Content starts
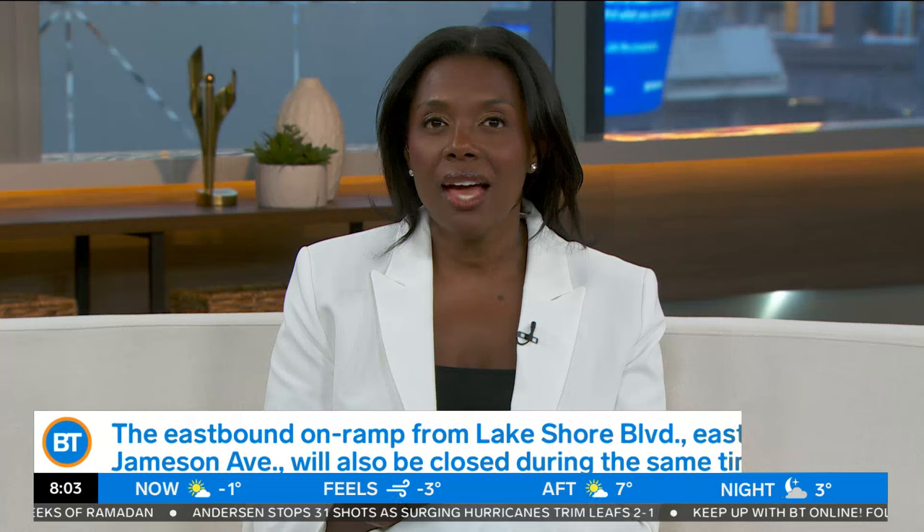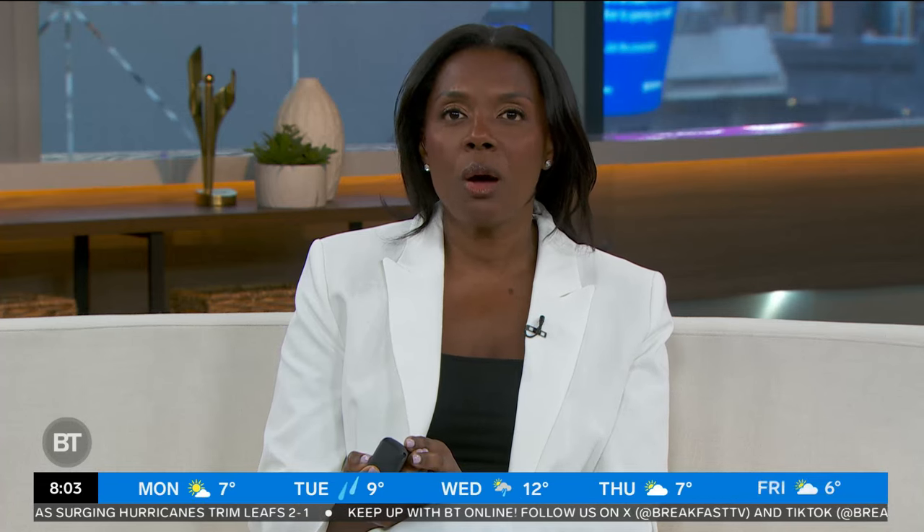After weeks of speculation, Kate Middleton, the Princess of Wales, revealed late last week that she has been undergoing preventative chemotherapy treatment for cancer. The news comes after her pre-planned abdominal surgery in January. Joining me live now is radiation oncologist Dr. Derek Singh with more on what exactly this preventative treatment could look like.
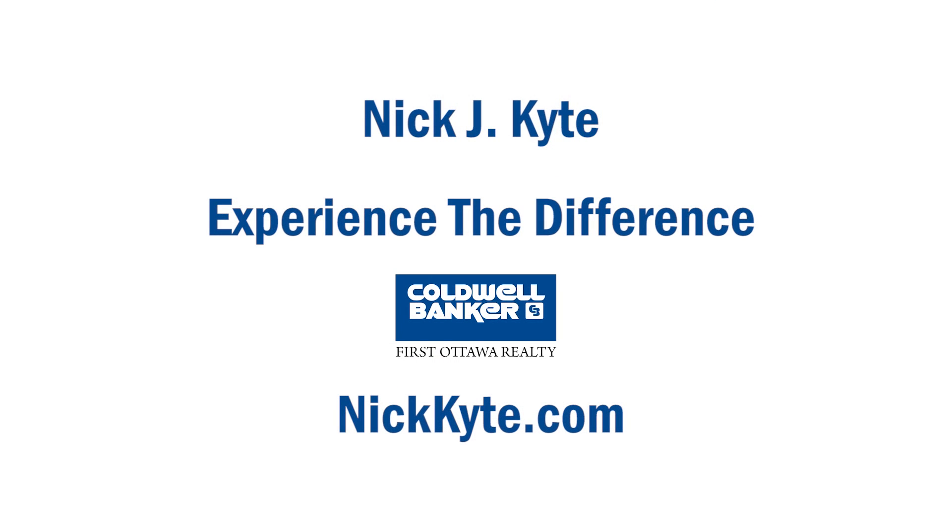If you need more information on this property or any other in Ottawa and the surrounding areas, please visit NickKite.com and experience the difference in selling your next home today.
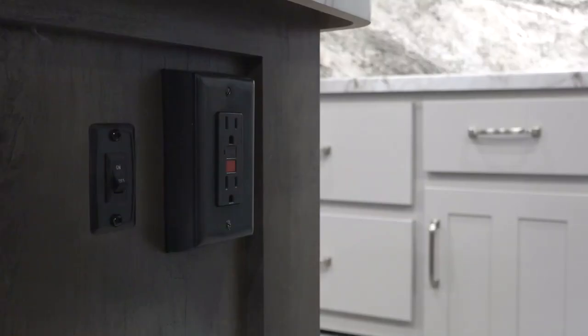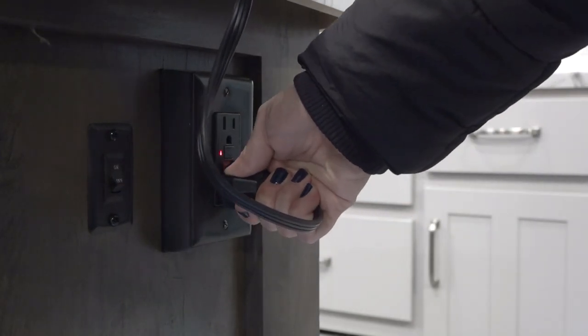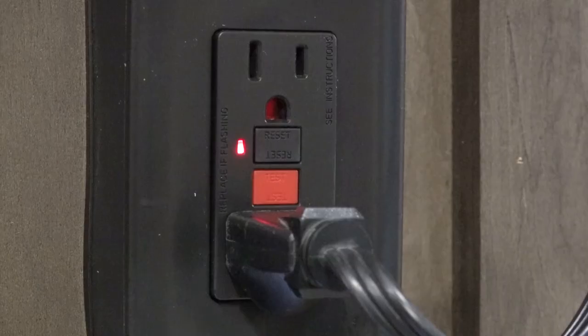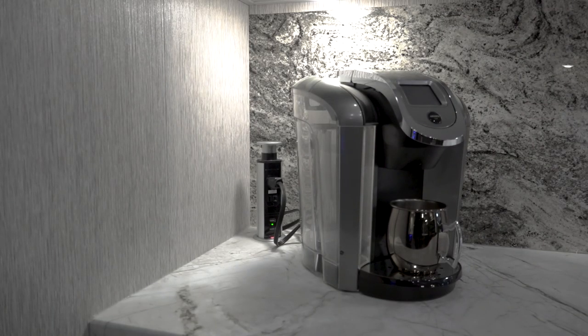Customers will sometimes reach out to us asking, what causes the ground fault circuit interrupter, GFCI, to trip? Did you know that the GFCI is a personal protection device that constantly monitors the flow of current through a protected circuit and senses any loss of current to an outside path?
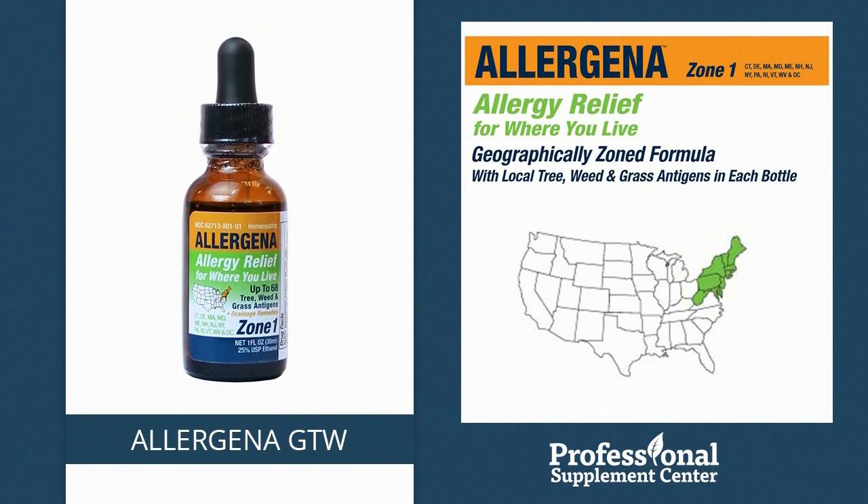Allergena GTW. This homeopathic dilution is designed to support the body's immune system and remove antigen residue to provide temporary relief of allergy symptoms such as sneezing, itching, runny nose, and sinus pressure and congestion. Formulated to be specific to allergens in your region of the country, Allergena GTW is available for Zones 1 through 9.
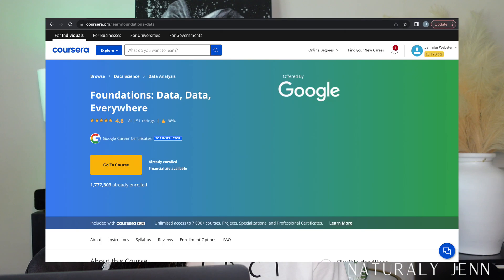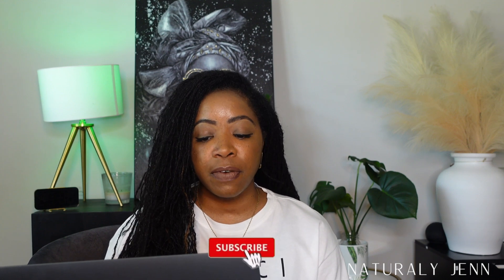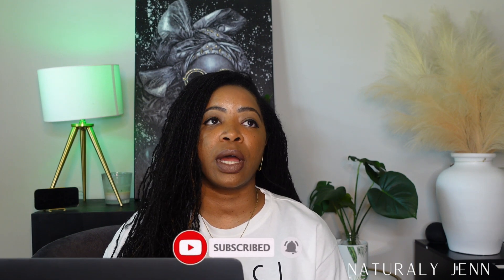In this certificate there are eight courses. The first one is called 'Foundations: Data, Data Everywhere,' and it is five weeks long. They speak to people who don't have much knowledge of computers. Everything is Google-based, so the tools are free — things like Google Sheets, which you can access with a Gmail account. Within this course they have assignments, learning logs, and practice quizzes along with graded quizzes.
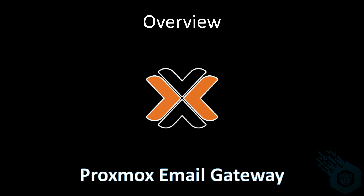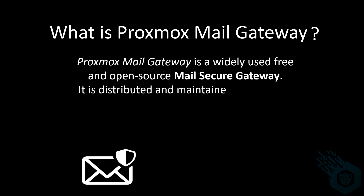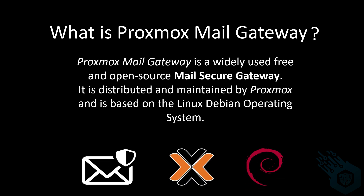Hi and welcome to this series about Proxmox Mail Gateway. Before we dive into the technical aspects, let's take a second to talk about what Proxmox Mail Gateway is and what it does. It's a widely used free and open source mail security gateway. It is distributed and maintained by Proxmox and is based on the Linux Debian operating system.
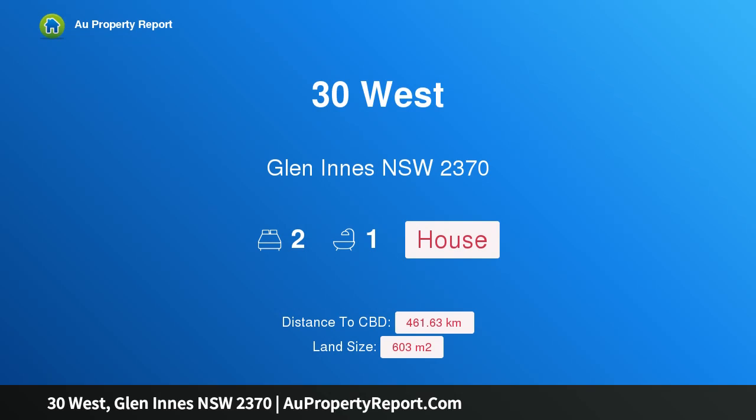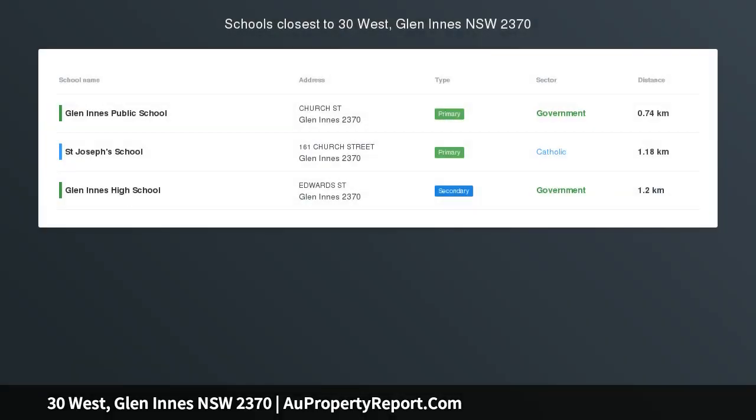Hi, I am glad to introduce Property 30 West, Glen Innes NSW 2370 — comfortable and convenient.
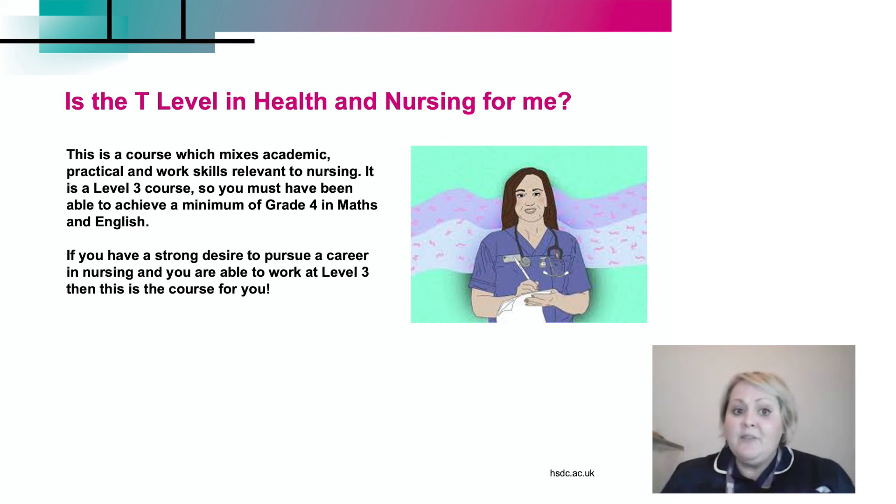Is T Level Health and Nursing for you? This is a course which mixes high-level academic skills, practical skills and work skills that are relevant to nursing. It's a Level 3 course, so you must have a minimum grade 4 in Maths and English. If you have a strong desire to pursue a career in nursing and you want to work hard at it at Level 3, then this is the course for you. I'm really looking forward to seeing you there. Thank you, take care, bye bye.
Content ends
• [Required work]: Write the listing out exactly, apart from its pictures.

• [Response box]:
After weeks of speculation, Kate Middleton, the Princess of Wales, revealed late last week that she has been undergoing preventative chemotherapy treatment for cancer. The news comes after her pre-planned abdominal surgery in January. Joining me live now is radiation oncologist Dr. Derek Singh with more on what exactly this preventative treatment could look like.
If you need more information on this property or any other in Ottawa and the surrounding areas, please visit NickKite.com and experience the difference in selling your next home today.
Customers will sometimes reach out to us asking, what causes the ground fault circuit interrupter, GFCI, to trip? Did you know that the GFCI is a personal protection device that constantly monitors the flow of current through a protected circuit and senses any loss of current to an outside path?
Allergena GTW. This homeopathic dilution is designed to support the body's immune system and remove antigen residue to provide temporary relief of allergy symptoms such as sneezing, itching, runny nose, and sinus pressure and congestion. Formulated to be specific to allergens in your region of the country, Allergena GTW is available for Zones 1 through 9.
In this certificate there are eight courses. The first one is called 'Foundations: Data, Data Everywhere,' and it is five weeks long. They speak to people who don't have much knowledge of computers. Everything is Google-based, so the tools are free — things like Google Sheets, which you can access with a Gmail account. Within this course they have assignments, learning logs, and practice quizzes along with graded quizzes.
Hi and welcome to this series about Proxmox Mail Gateway. Before we dive into the technical aspects, let's take a second to talk about what Proxmox Mail Gateway is and what it does. It's a widely used free and open source mail security gateway. It is distributed and maintained by Proxmox and is based on the Linux Debian operating system.
Hi, I am glad to introduce Property 30 West, Glen Innes NSW 2370 — comfortable and convenient.
Is T Level Health and Nursing for you? This is a course which mixes high-level academic skills, practical skills and work skills that are relevant to nursing. It's a Level 3 course, so you must have a minimum grade 4 in Maths and English. If you have a strong desire to pursue a career in nursing and you want to work hard at it at Level 3, then this is the course for you. I'm really looking forward to seeing you there. Thank you, take care, bye bye.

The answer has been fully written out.